That’s a fascinating claim. He says Judas acted he had no choice, sovereign Lord, in those six words, John MacArthur has just turned Jesus’s self-sacrifice into a suicide that Jesus holds the gun to his head and pulls the trigger, and the trigger really is not responsible. Guns don’t kill people, people kill people. I’ve heard that a thousand times, Judas is just the trigger. Jesus is committing suicide. That’s the problem with this theology at the outset, but think about the implications for Judas. If a gun kills someone, you don’t put the gun on trial. It had no agency, it had no free will. He just said Judas had no free will. So surely you might think Judas will at least get off the hook. He won’t be punished for something he had literally no control over. Well, not so it says MacArthur,

CLIP:

As I said, Judas would never see another day and by the dawning of the next day, Jesus’ trial would be essentially over and he’d be on his way to death. Jesus would come out the other side of the grave to eternal glory. Judas would be damned to hell forever.

Joe:

Again, though, if Judas is just a trigger, why in the world is he damned forever? And for that matter, if Judas has no free will, why not at least bring him to redemption? This is a notoriously sticky problem for Calvinists that if the only thing that matters here is God’s sovereignty and Judas is presented as Jesus’s friend, why would Jesus not save his friend? Well, according to John Piper, it’s because he didn’t actually want to.

CLIP:

Judas didn’t repent because it was not granted to him by the father.

Joe:

This is what I mean where it appears that Jesus and Judas have been reversed. Whereas in the biblical account, Judas betrays the friendship of Jesus and sends him to his death so that one man can die for the nation, whether he knows that’s why that’s happening or not. In the Calvinist view, it almost seems as if Jesus is only pretending to be Judas, his friend, while having no intention of saving him, no intention of bringing him to regeneration, no intention of bringing him to eternal life, but instead is using him, pretending to be his friend and betraying him so that Judas will go to hell forever.

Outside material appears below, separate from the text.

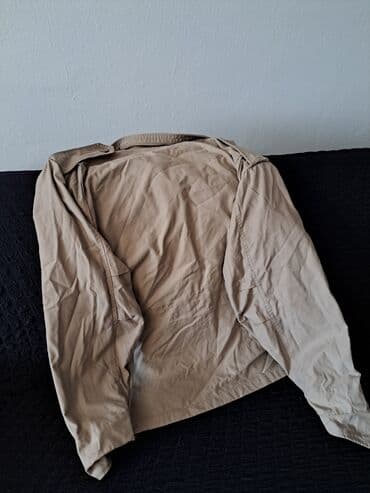 komplet pantalone i prsluk: Bež muška jakna – klasičan model sa kragnom i kopčanjem na rajsferšlus — 2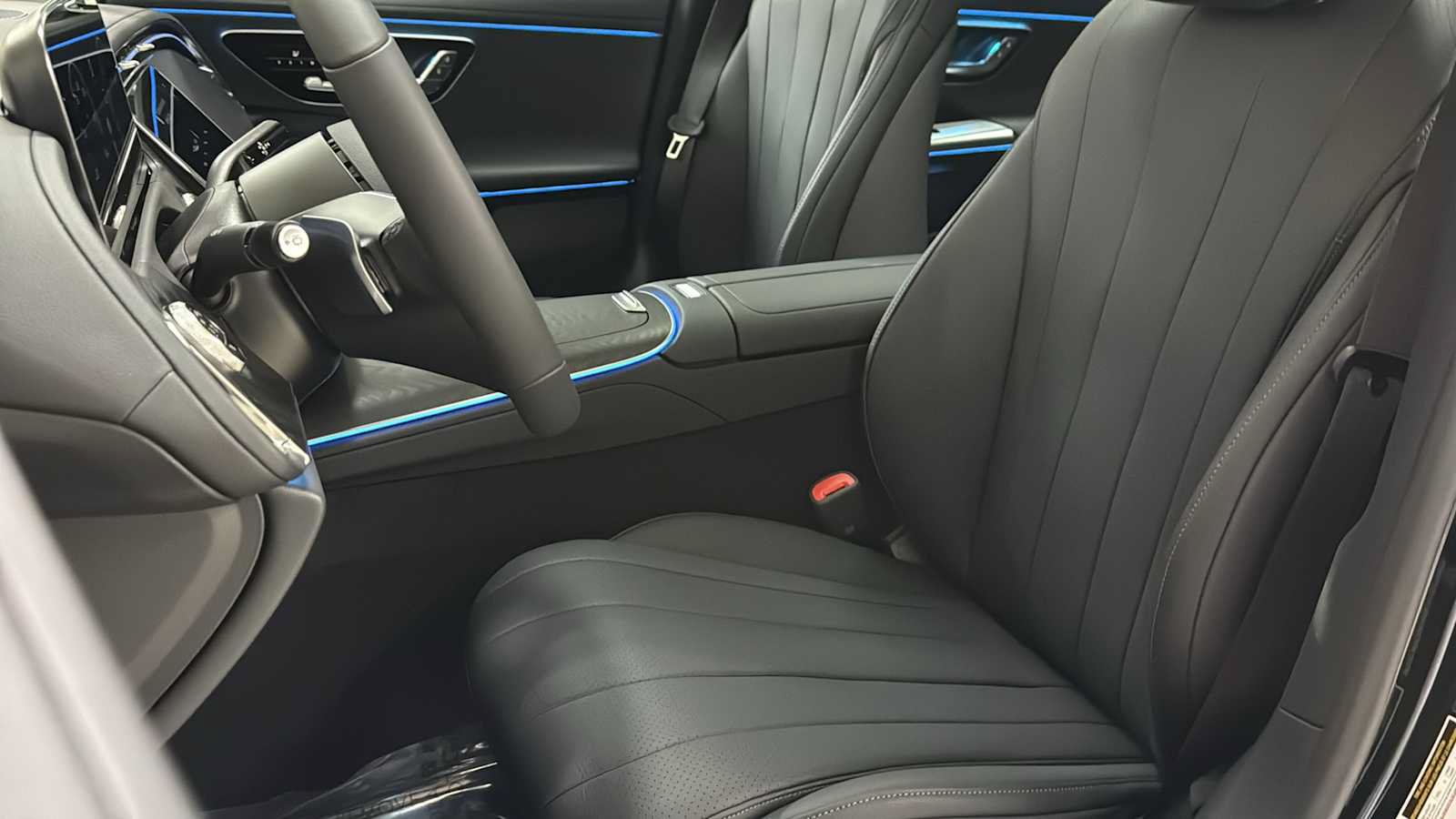 New 2026 Mercedes-Benz E 350 4MATIC Sedan image 26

Why? Because he needs a trigger to launch the plan of salvation. So Judas has to die so that we may live. Judas is the sort of substitutionary atonement in that theology. If you draw that logic out, that’s what it would appear to suggest. Now, again, I’m sure that people who say that don’t think that through to that conclusion, but nevertheless, they do say some bizarre things that make it sound like they’re really grateful for Judas or like what he did was actually good and not tremendously evil. For instance, here’s RC sprawl.

CLIP:

From one perspective, we see that the most evil action in the history of the world was committed by Judas. On the other hand, from a different perspective, the most glorious deed that ever was performed in our behalf was the betrayal of Jesus Christ. Because through that work that orchestrated by God’s sovereignty, our salvation came to pass.

Joe:

I want to make sure you don’t miss what he just said. He just said that the most glorious deed ever performed on our behalf was not Jesus’s self-sacrificial death on the cross. The most glorious deed ever performed on our behalf was the betrayal of Jesus Christ by Judas Escar, that Judas, not Jesus performed the greatest act in history. It would be impossible to get that more wrong. Judas did what Christians have historically believed to be the single worst act in all of history. And RC Spro says, actually, it’s the best. Sure, from one perspective it’s really bad, but because God drew good out of it, this is actually good. So it’s not surprising if these are the kind of preachers that you’re listening to that you find Calvinist YouTubers making bizarre claims like this.

CLIP:

I’m grateful for Judas because he was used in God’s divine plan. He was used in the sovereignty of God to redeem the elect. I want

Joe:

To be really clear, this is evil. To use another person as a means to an end without loving them as a person is objectification. Whether you’re looking at pornography or exploiting another person in a sweatshop or anything else, when you won’t treat the other person as a person, when you treat them as a mere means to your end, you’ve dehumanized them, and this is dehumanizing Judas, so they can proclaim how much they love. Judas Ray Comfort famously says Judas is his favorite apostle. That’s sick, that’s twisted, and this has both on the one hand, put Judas in the place of Christ and on the other treated both Judas and frankly, if you get into the theology, Jesus like mere objects to achieve the end of our salvation. So I want to suggest to the outset this is a bad way of doing it, but at the same time, I understand why someone reading the biblical evidence might come to this conclusion.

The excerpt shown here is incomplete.